National Compliment Day, Jan. 25, was founded in 1998, and is the brainchild of Kathy Chamberlin and Debby Hoffman, personal growth consultants. The two authored the book “Find Something Nice to Say: The Power of Compliments,” and recommend people give away five compliments per day.

“Compliments are a simple, yet powerful, relationship-building tool,” said Chamberlin on the pair’s Web site, www.complimentday.com. “There are many different reasons to give a compliment. The most compelling - it makes you feel good. You cannot give a sincere compliment without feeling great.”

Bob Ed Culver, retired state legislator and funeral director, stresses the timing of compliments.

“You should compliment a person at the time you recognize they do something good,” said Culver. “One shouldn’t wait until the eulogy to praise a person.”

According to Mark L. Knapp, in an article in “Psychology Today,” compliments must be sincere, or the giver faces a possible negative reaction.

“We may react negatively if we think a compliment has been delivered insincerely or that we are being set up to do something we don’t want to do,” said Knapp. “We usually don’t appreciate getting praise from someone we think lacks intelligence or taste.”

Culver believes in giving praise, but for specific reasons.

“You should compliment a person whenever they genuinely do something good for someone or something,” said Culver.

Knapp cites overuse of compliments as the reason for many people being put off by praise.

“Most letters of recommendation, for example, are overwhelmingly complimentary,” said Knapp. “That both cheapens the praise and makes it difficult to decide what is true and what is untrue.”

Connie Schlittler, executive director of Bill Willis Community Mental Health and Substance Abuse Center, believes in passing out praise regularly.

“Sometimes I think I give compliments too freely,” said Schlittler. “But it’s important to me to praise people and let them know I recognize their value.”

Accepting compliments seems to be more difficult for most people than giving them. Learning to accept a compliment graciously allows both people to feel good, even though many people have been conditioned to dismiss them.

“People who can’t accept a compliment do so by deflecting the compliment, downgrading the compliment, or transferring the credit,” said Chamberlin. “It’s usually done by saying something like ‘Oh, this old thing! I bought it on sale for $2.95,’ or ‘It was just luck.’

“When you do this, not only do you deny your own enjoyment of the compliment, you rebuff the person giving it to you,” said Chamberlin.

Culver thinks people are too engrossed in their own daily lives to give and accept compliments appropriately.

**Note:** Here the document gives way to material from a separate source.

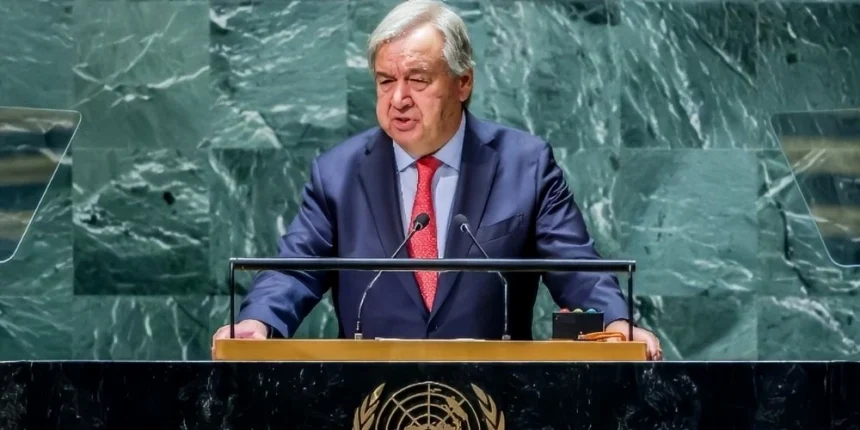 Γκουτέρες: Πιθανή επανεκκίνηση των διαπραγματεύσεων μεταξύ ΗΠΑ και Ιράν πριν λήξει η εκεχειρία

“Lots of times, people are just too busy to consider other peoples’ welfare,” said Culver.

Schlittler recommends people keep a journal of compliments.

“I really think people should write compliments they receive down in a journal,” said Schlittler. “Getting people to give compliments to themselves is also very important. You can facilitate that by praising their work and then saying something like, ‘That must have been difficult. How did you do that?’ A lot of times, they’ll admit what they did was really a challenge and they’ll feel a sense of success.”

In Knapp’s article, sociologists Ronny Turner and Charles Edgely found that similarity in age, status, and to a lesser extent, gender and closeness of relationships, played a part in the believability of a compliment.

“When, for example, we divided younger compliment givers and receivers into younger groups, 10 to 29 years old, and older, 30 and up, we found that younger givers directed 77 percent of their compliments at younger people, while the older givers directed 74 percent of their compliments to people in their own age group,” said Turner.

The study revealed the same outcomes with status. The person giving the compliment was of equal status with the receiver 71 percent of the time, of higher status 22 percent of the time, and lower in status only 7 percent of the time.

In addition, women and men were equally likely to give compliments.

“Men were equally likely to praise members of both sexes, while women complimented other women more than they did men,” said Turner. “We also found a strong relationship between the sex of the receiver and types of compliment given. Women were much more likely - 78 percent - to receive appearance compliments than men - 22 percent, but there was almost no difference between the sexes with regard to performance and personality compliments.”



Accepting praise graciously

According to personal growth consultants Kathy Chamberlin and Debby Hoffman, accepting a compliment graciously takes two words: Thank you. Another option is to come up with a few other responses you could become comfortable with, such as:

• What a nice compliment! Coming from you, I consider that high praise.

• That’s the nicest think anyone has said to me today.

• I didn’t know it showed. Thank you for telling me.

• Thank you. I really appreciate hearing that.

• Thank you. I like them, too. They were a gift and mean a lot to me.